From the first line to the last, restate the data exactly, leaving out the images.

> RECORDED DATA
====

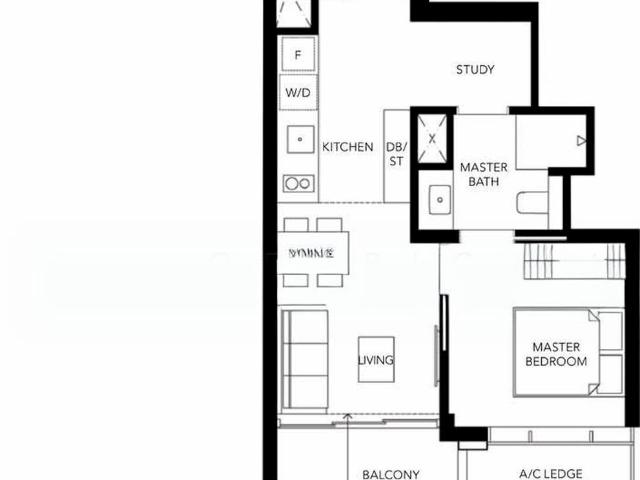 Margaret Ville D3, Apartment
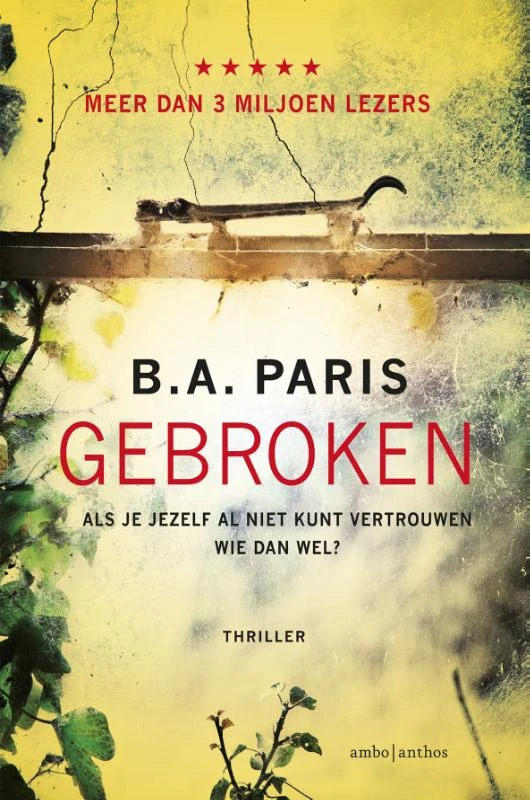 Gebroken – B.A. Paris – boek cover
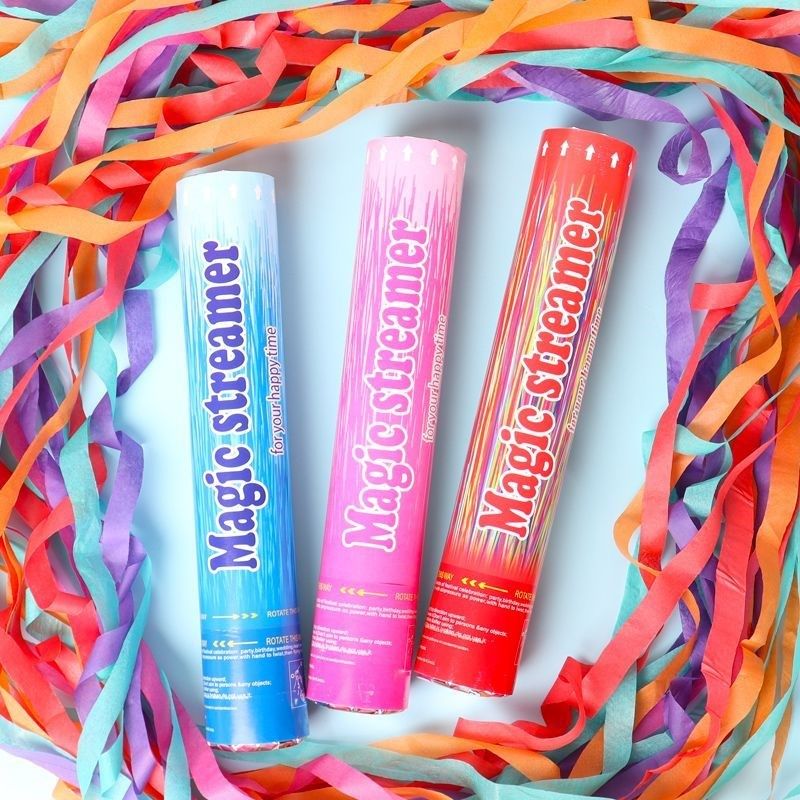 彩带礼炮手持节日氛围庆典喷花筒易清理彩色流星雨浪漫手拧礼花筒,节庆用品/礼品,节日装扮用品,淘宝优惠券,粉丝福利购,淘宝优惠卷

====

> TASK RESULT
 Margaret Ville D3, Apartment
 Gebroken – B.A. Paris – boek cover
 彩带礼炮手持节日氛围庆典喷花筒易清理彩色流星雨浪漫手拧礼花筒,节庆用品/礼品,节日装扮用品,淘宝优惠券,粉丝福利购,淘宝优惠卷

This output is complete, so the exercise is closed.